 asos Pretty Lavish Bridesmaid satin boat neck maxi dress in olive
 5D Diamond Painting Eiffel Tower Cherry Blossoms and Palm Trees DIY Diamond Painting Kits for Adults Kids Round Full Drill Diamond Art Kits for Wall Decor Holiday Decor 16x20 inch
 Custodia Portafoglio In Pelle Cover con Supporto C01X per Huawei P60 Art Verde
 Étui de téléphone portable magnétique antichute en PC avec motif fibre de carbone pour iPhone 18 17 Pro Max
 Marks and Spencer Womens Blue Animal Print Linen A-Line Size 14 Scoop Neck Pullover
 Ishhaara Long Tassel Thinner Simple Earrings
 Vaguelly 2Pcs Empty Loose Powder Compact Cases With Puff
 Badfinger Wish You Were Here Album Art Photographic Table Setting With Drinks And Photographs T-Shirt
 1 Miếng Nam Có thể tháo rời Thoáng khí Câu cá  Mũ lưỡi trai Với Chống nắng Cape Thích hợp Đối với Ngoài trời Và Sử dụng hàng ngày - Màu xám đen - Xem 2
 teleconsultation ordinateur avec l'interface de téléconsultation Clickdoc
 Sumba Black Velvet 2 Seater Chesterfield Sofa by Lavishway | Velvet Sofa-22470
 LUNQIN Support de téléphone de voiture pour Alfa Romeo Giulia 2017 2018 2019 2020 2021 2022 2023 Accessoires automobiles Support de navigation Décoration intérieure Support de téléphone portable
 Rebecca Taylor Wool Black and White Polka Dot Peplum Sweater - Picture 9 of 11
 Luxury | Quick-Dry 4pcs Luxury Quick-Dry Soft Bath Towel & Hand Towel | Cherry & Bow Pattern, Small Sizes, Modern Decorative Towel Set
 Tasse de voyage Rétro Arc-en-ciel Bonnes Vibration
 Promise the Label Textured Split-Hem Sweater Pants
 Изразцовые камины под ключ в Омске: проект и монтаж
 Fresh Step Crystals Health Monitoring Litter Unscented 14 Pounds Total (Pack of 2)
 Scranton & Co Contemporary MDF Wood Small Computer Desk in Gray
++++
- _YOUR TASK_
Please output, exactly, the lines of the listing from the one containing "Tasse de voyage" through the last, inclusive, and no other lines.

- _REPLY_
 Tasse de voyage Rétro Arc-en-ciel Bonnes Vibration
 Promise the Label Textured Split-Hem Sweater Pants
 Изразцовые камины под ключ в Омске: проект и монтаж
 Fresh Step Crystals Health Monitoring Litter Unscented 14 Pounds Total (Pack of 2)
 Scranton & Co Contemporary MDF Wood Small Computer Desk in Gray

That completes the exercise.